Need for a proportionate approach to regulation and due diligence

“We have art in order not to die of the truth”, said Nietzsche famously. So, will the introduction of stricter regulation and compliance-driven oversight bring too much “truth” to the art market, destroy its mystique, and defy the redeeming quality of art? Is the watertight management of integrity concerns worth the risk of turning the art market into a mechanised trading floor devoid of collectors’ passions?

The European art market came under anti-money laundering (AML) regulation as the result of the EU’s 5th Anti Money Laundering Directive (5AMLD). This regulation was turned into UK law in January 2020 via an amendment to the Money Laundering and Terrorist Financing Regulations. Although relatively light-touch, the 5AMLD placed additional costs and bureaucratic burden on art market participants, who dragged their feet over its implementation, mainly due to their concern about preserving the art market’s most precious value: confidentiality.

Business impact of increased regulation is yet to be assessed in the years to come, although the expectation is that the London market – which is already suffering from some (at least short-term) negative impacts of Brexit – may be disproportionately affected.
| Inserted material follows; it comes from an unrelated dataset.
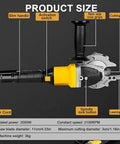 Product features of Vdniduir Handheld Steel Bar Cutter Rebar Cold Cutting Saw Portable 2000W, including the power cord and cutting blade details.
This is especially the case as London specialises in high value art transactions, which often involve higher risk clients, and as such require enhanced due diligence checks.

So, what can we do to keep the art market booming while making it less susceptible to exploitation by rogue actors?

The Geneva-based Responsible Art Market (RAM) initiative rightfully recommends a risk-based approach to conducting due diligence in the context of art transactions, which is harmonious with the requirements of 5AMLD.

This approach is not unlike the one already familiar to seasoned corporate intelligence operatives who have been vetting various deal counterparties for decades. However, in the context of delicate art transactions, proficiency in the cultural codes of the art market sets apart an effective and proportionate due diligence from the usual ‘box-ticking’ exercise.

Such an approach is crucial to making integrity considerations conducive and not disruptive to an art transaction. And although the folklore would have you believe otherwise, it is important to remember that the mechanisms that cause abuse in the art market, i.e. anonymous shell companies, offshore bank accounts and up-to-no-good actors, are a global problem that is neither endemic to the art market nor curable by its increased regulation.

Art market regulation requires art market cultivation

Finally, one should turn to art market participants. What has been their experience? Surely, regulation has added the burden onto them, and some governments – including the UK – are arguably not taking their concerns seriously enough, especially amidst the ongoing cost of living crisis. The demands on art market participants are piling up while there is little reward offered in return. HMRC has (understandably) begun to hand out fines to art market participants who have failed to register for AML supervision, while the government’s new Economic Crime (Anti-Money Laundering) levy payable by regulated businesses has served another financial blow.

In the UK, the much promised Brexit opportunities are yet to materialise, and art market participants’ calls for the removal of import VAT on art seem unlikely to be heard while there are other more pressing items on the agenda. However, although sometimes hailed as an elitist pastime, the art market is a powerful machine for economic growth and source of ‘soft power’ prestige. And with the UK’s share of the global art market now at a historic low, the UK government should come to realise that the public benefit of art market regulation must be coupled with the public benefit of art market cultivation.